- Instructions for the task:
Please retype the line that contains "Used 2015 Subaru" and all lines that follow it to the end of the entries below, exactly as they stand, with nothing added.

[Stored data entries]
********************

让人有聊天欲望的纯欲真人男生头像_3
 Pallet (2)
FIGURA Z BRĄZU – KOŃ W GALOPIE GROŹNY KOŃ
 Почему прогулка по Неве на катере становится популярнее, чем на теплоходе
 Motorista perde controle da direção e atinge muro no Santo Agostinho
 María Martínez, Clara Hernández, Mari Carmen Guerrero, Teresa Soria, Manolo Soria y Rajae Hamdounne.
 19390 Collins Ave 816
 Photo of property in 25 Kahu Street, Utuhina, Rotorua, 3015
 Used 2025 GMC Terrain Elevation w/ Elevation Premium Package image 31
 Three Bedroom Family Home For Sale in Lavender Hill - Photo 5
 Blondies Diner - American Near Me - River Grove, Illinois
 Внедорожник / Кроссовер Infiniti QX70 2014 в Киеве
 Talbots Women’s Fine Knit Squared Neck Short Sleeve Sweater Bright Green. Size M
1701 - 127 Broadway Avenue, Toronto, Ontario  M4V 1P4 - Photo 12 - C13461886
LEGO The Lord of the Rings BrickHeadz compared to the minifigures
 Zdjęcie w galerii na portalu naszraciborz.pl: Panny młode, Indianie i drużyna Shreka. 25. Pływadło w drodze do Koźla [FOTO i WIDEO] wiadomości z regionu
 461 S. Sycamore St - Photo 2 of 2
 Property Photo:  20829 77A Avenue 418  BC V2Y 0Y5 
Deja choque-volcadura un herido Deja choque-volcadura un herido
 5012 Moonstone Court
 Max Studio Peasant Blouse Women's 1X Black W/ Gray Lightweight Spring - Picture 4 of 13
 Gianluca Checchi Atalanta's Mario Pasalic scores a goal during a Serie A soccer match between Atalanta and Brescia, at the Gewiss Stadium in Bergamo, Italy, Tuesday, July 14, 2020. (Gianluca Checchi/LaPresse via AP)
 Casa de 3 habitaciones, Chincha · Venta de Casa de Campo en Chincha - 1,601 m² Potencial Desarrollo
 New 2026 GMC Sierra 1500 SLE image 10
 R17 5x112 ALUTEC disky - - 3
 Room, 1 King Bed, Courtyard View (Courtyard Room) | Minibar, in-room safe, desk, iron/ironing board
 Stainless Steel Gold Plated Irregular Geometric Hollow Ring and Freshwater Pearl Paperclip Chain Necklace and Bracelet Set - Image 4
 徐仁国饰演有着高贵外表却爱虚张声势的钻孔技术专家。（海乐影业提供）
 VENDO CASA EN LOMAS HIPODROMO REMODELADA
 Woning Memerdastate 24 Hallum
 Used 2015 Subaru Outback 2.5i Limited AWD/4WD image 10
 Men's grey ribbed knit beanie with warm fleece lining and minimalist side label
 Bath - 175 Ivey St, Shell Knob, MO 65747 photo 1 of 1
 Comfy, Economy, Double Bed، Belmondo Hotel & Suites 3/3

********************

- Result of this exercise:
 Used 2015 Subaru Outback 2.5i Limited AWD/4WD image 10
 Men's grey ribbed knit beanie with warm fleece lining and minimalist side label
 Bath - 175 Ivey St, Shell Knob, MO 65747 photo 1 of 1
 Comfy, Economy, Double Bed، Belmondo Hotel & Suites 3/3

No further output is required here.